“Dieci pagine di grammatica in un giorno, venti schede di matematica per la settimana, elaborati scritti di tutte le materie, anche il tema sul salto in alto, da caricare e consegnare su più piattaforme. E nessun altro contatto, o molto pochi, degli alunni con gli insegnanti.
Compiti. Tanti, troppi soprattutto nelle scuole primarie e alle medie, dove la didattica a distanza si è risolta in larga parte con l’invio di esercizi e ricerche da fare”. E’ quanto lamentano le associazioni che rappresentano i genitori degli alunni italiani.
“Naturalmente – si legge in una nota – non è così in tutti gli istituti, ci sono maestre che si fanno in quattro e docenti che s’inventano anche il rito- mito della buonanotte“.
I genitori citano alcuni esempi: a Bologna Dezia Tallarico con i suoi ragazzi di prima media: venerdì sera tutti davanti al computer in pigiama, anche l’insegnante, vi racconta di Morfeo, il Dio dei sogni.

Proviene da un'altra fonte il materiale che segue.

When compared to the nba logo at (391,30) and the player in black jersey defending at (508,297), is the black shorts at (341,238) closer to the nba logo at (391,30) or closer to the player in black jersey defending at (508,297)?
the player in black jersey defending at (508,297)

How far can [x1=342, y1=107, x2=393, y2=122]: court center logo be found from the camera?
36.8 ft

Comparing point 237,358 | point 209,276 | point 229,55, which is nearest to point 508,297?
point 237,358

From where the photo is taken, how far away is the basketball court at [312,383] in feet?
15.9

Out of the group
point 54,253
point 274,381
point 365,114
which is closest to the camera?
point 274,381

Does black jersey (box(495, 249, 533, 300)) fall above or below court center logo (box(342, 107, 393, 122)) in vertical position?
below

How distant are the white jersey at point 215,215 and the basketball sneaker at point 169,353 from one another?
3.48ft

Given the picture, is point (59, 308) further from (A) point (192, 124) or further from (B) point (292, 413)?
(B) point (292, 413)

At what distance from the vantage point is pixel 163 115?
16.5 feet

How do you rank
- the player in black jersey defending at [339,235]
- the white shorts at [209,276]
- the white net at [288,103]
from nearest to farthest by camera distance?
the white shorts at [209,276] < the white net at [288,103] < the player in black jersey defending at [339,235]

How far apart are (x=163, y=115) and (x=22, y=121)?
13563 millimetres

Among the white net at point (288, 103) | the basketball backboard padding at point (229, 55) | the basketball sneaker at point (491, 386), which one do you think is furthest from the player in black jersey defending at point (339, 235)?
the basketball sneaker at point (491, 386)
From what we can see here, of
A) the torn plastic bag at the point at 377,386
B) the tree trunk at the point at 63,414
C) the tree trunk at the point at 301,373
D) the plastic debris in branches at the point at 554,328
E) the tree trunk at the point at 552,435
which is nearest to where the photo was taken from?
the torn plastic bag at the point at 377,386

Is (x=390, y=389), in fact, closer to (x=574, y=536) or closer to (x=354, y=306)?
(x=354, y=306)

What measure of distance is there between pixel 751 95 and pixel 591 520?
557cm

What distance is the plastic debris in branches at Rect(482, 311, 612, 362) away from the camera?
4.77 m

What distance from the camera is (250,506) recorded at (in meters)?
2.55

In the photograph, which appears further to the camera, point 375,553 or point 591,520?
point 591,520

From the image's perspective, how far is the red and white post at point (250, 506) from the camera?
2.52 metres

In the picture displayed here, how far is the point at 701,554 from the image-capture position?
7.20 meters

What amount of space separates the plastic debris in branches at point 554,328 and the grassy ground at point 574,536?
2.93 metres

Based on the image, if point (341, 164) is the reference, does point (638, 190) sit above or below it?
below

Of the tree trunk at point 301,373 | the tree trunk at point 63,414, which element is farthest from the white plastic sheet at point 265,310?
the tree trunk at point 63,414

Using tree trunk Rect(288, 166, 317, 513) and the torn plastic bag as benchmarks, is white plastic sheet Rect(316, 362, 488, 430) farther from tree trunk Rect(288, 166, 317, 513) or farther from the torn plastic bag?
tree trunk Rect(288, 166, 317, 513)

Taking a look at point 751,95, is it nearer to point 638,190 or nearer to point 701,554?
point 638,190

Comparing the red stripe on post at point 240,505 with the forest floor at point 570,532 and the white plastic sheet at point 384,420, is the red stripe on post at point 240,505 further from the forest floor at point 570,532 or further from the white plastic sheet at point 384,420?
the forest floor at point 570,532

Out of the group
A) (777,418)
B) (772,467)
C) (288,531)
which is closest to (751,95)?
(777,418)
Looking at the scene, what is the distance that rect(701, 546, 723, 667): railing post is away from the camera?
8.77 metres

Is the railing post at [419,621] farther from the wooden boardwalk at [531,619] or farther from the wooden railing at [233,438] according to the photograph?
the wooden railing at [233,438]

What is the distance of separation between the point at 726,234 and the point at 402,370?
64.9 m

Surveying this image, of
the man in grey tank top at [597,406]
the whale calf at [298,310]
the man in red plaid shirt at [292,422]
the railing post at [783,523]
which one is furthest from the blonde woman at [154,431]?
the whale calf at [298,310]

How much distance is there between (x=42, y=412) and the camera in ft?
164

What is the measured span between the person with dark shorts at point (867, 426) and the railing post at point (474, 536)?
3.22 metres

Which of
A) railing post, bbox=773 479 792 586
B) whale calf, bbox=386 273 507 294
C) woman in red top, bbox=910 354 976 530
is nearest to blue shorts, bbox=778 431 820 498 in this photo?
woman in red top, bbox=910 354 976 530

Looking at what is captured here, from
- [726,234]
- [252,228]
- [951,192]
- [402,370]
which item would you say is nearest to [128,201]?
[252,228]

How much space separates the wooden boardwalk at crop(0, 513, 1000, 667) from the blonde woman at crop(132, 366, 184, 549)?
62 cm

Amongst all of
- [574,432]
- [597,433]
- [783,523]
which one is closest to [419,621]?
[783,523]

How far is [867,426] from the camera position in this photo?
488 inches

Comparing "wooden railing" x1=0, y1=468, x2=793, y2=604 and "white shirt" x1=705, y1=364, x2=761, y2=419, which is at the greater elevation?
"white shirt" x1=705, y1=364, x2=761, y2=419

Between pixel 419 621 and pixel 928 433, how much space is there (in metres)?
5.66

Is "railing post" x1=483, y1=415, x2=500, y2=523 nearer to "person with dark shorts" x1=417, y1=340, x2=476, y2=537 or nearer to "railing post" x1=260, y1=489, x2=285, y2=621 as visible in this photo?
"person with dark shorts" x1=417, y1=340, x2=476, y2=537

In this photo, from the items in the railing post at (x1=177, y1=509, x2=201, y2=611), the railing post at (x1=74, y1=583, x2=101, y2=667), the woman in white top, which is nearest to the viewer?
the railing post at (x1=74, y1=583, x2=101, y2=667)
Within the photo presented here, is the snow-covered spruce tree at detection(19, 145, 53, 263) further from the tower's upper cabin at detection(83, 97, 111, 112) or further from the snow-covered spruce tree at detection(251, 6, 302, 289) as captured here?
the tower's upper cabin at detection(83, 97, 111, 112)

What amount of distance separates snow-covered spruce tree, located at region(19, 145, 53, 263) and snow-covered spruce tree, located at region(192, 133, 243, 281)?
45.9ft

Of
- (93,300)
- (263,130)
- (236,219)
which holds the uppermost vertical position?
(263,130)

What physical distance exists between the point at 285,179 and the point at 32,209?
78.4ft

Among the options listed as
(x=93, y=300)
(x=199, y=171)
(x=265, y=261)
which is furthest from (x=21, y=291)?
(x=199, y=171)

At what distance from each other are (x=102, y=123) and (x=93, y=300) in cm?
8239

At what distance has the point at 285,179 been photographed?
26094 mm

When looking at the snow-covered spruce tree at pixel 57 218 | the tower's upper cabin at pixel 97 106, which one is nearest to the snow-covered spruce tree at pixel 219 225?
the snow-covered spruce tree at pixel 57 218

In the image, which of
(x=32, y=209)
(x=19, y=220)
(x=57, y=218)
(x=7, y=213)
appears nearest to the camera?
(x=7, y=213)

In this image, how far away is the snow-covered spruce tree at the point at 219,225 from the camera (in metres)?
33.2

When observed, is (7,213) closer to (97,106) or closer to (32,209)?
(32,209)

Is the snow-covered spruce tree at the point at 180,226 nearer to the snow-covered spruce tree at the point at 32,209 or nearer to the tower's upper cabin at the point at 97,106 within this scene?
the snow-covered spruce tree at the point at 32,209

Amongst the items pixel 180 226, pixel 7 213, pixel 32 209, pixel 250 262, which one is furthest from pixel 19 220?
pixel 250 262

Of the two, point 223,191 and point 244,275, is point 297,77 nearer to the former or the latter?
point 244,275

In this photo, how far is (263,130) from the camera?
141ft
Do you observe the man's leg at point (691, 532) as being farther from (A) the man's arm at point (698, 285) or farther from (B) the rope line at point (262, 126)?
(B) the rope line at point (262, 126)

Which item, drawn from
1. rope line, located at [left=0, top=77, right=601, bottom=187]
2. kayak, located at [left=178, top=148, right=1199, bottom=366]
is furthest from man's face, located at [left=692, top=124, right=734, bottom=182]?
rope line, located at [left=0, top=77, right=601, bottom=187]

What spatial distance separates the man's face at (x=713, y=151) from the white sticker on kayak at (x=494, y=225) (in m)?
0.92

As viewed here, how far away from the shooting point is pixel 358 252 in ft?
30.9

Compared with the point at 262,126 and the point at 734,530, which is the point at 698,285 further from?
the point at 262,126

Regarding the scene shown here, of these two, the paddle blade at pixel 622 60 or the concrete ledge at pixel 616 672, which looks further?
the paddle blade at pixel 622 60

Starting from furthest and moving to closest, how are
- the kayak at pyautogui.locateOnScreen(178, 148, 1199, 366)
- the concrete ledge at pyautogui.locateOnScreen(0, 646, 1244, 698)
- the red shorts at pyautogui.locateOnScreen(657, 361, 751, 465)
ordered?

C’è l’appello della maestra Marzia Mascagni, 35 anni di esperienza: «Ai colleghi dico: non ingozzate i vostri alunni di compiti, non sono oche. Piuttosto, fatevi sentire: più che il programma conta non interrompere il filo della comunicazione con loro». Secondo la nota dei genitori, «...si sta scaricando sulle famiglie il compito di insegnare».
Tra mille ostacoli. Nelle case dove i genitori sono in smart working e ci sono più figli anche se si usano i telefonini ci vogliono connessioni potenti, e poi chi ha la stampante o i libri che sono rimasti in classe? Apprezziamo la grande generosità di tanti insegnanti che lavorano il doppio, che non hanno lasciato soli gli studenti. Ma in molti istituti assistiamo a un sovraccaricare di compiti e basta che non ha senso – osserva Angela Nava Mambretti, coordinatrice del Forum delle associazioni riconosciuto dal ministero. Chiediamo si faccia attenzione, anche perché le disuguaglianze con la didattica a distanza, necessaria in una situazione di cui non è colpevole nessuno, si acuiscono: un prezzo per noi insostenibile. Un divario non solo economico, ma anche di contesto tra chi ha i genitori in grado di supportare i bambini e chi no».